Thursday, 26 July 2007

A Restaurant Review


Fifteen Cornwall
Watergate Bay nr. Newquay


Fans of eating and beaches are in for a treat at Jamie Oliver’s Fifteen Cornwall, the latest branch of his ‘paupers are people too’ restaurant chain. Situated above Watergate Bay beach and with HUGE windows, the eatery is ideal for those who enjoy looking at vast swathes of nothingness (ie. the sea) while they dine.

I should point out that I haven’t actually eaten in the restaurant - I’m not made of money - but I have seen the sign and I have also looked up at the windows, so I feel fairly able to give a balanced review.

The sign is a nice sign. Importantly, it is both illuminated AND bright pink, meaning it fits in beautifully with its natural surroundings. It is clearly visible from the road, and indeed, from most vantage points within a two mile radius.

The aforementioned windows are also nice. Like all the best windows, they are clean and massive, making them perfect for seeing through. This is beneficial for lunchtime diners, who get to gaze upon a beach full of sunburnt fatties while tucking into their lobster starter.

Evening diners can watch the sunset and marvel at fishermen camped at the shoreline; fishing long and hard into the night, destroying their marriages with every futile cast of the hook, painfully unaware that supermarkets have been selling fish for a good few years now and that if they do not go home and eat said store-bought fish with their wives, they might as well stay out all night or for the rest of their lives.

The menu at Fifteen Cornwall is slight but varied, with the best dish being (and this is where Oliver’s fat-handed mockney influence becomes apparent) the ‘Wicked Fish Stew’. Yes, the Wicked Fish Stew - Claridge’s, this is not. Then again, that place is full of what can only be described as the worst people in the world, so it’s probably for the best really.

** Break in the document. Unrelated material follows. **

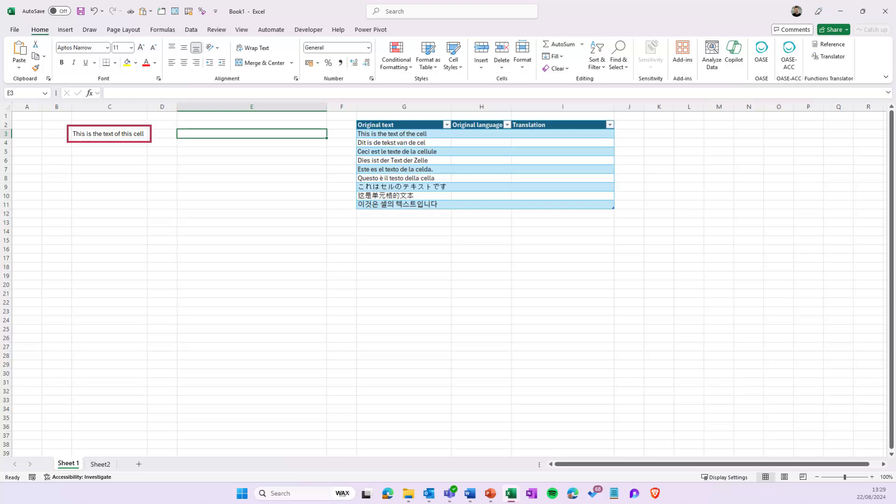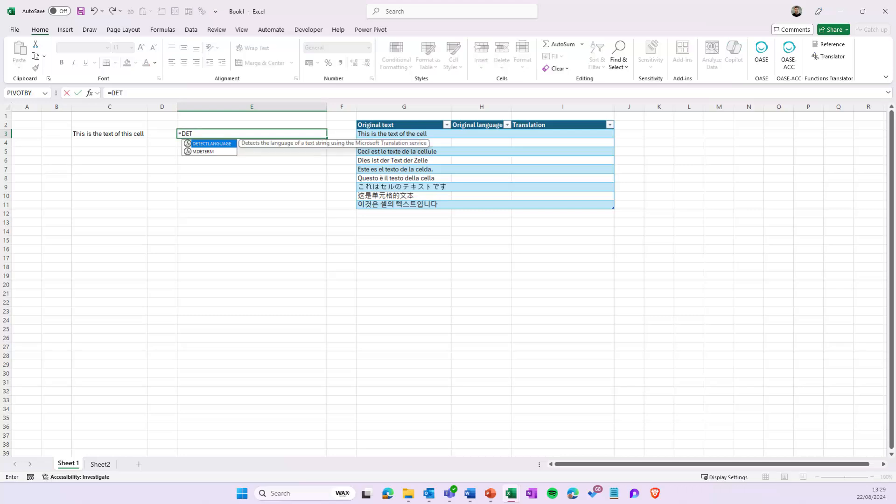Make sure you have a cell with text and start a new function in another cell. Type in the function named detectLanguage. This function has only one argument, so we only need to refer to the cell containing our text.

Fifteen is worth a visit for those looking to add an authentic seafood flavour (ie. the smell of rotting seaweed) to their dining experience, and indeed anyone who enjoys eating good food near a beach. You will have to book early because the waiting list is approximately two weeks long, but when you do get seated and eated, you will most probably not be disappointed. Just watch your wallets around the waiters.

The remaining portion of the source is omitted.